:: Data listing
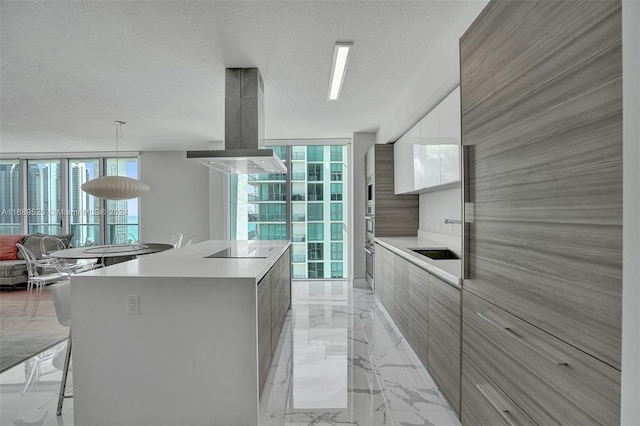 kitchen with island range hood, white cabinetry, a textured ceiling, decorative light fixtures, and a spacious island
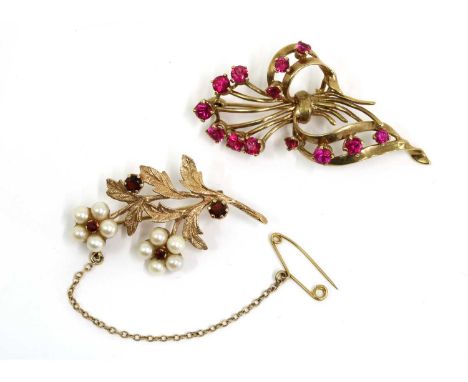 Two gold spray brooches, to include a 9ct gold garnet and pearl spray brooch, with pin and roller catch, London 1983, and a g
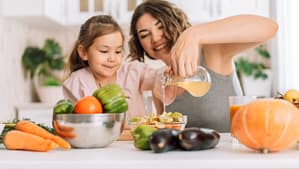 Madre e hija en la cocina con verduras
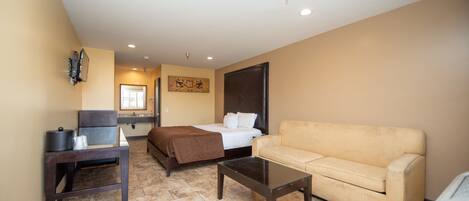 A hotel room with a bed, a sofa, a small table, a TV, and a kitchen area.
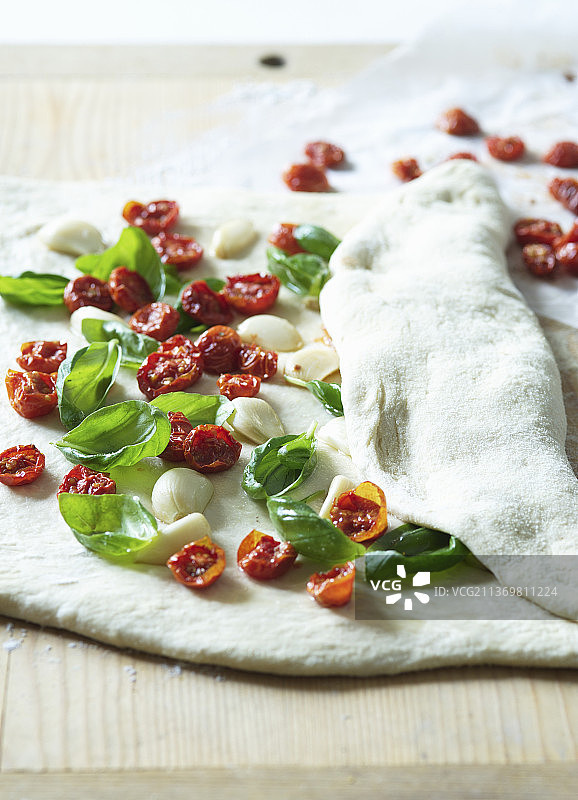 准备披萨口袋，配烤箱烘干的樱桃番茄、大蒜和罗勒图片素材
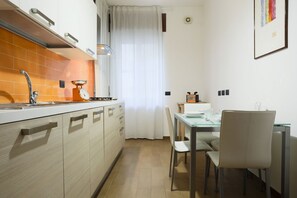 A compact kitchen with a sink, stove, and dining area with chairs and a table. - GuestHost - Spacious apartment that can accommodate up to 4 people, featuring a double bedroom, two bathrooms and two balconies. The accommodation is located in the Torrione district, an area in the immediate vicinity of the center and the seafront, and  (Salerno)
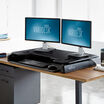 varidesk cube plus 48 in black lowered in an office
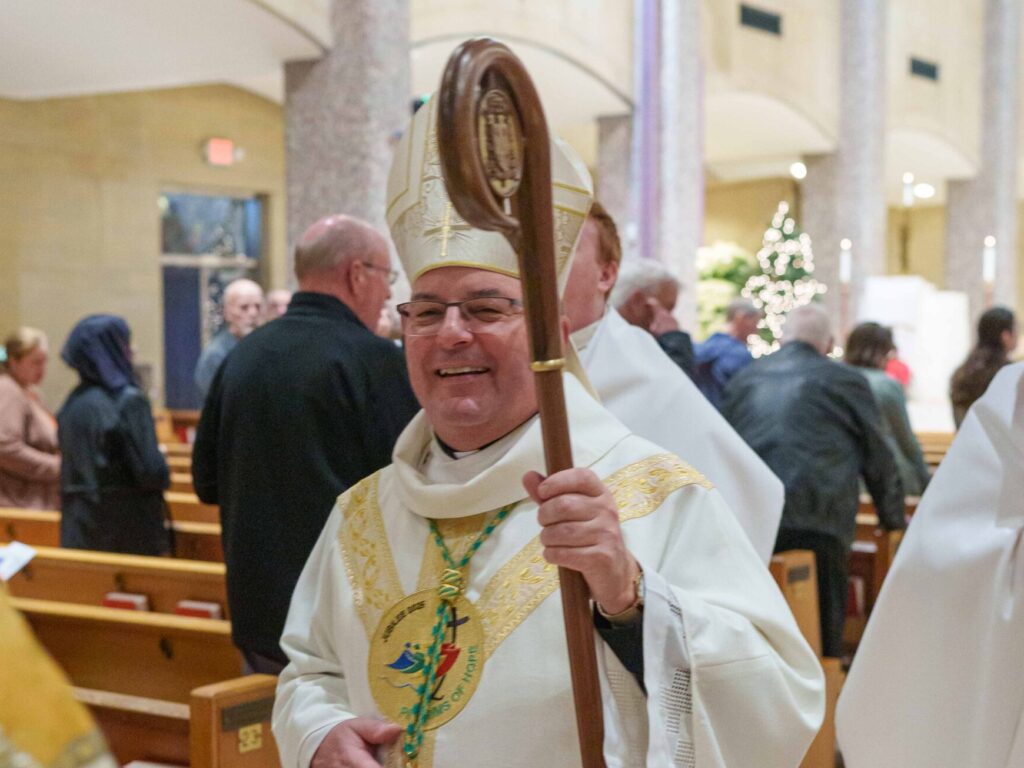 Bishop Bonnar holds his staff and wears white vestments with gold trim and the Jubilee 2025 logo that reads "Pilgrims of Hope."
::::
- _What this task involves_
Repeat the lines of the listing above verbatim, beginning at its first line and ending at the line containing "准备披萨口袋，配烤箱烘干的樱桃番茄、大蒜和罗勒图片素材", which is included. Omit pictures.

- _Solution to this exercise_
 kitchen with island range hood, white cabinetry, a textured ceiling, decorative light fixtures, and a spacious island
 Two gold spray brooches, to include a 9ct gold garnet and pearl spray brooch, with pin and roller catch, London 1983, and a g
 Madre e hija en la cocina con verduras
 A hotel room with a bed, a sofa, a small table, a TV, and a kitchen area.
 准备披萨口袋，配烤箱烘干的樱桃番茄、大蒜和罗勒图片素材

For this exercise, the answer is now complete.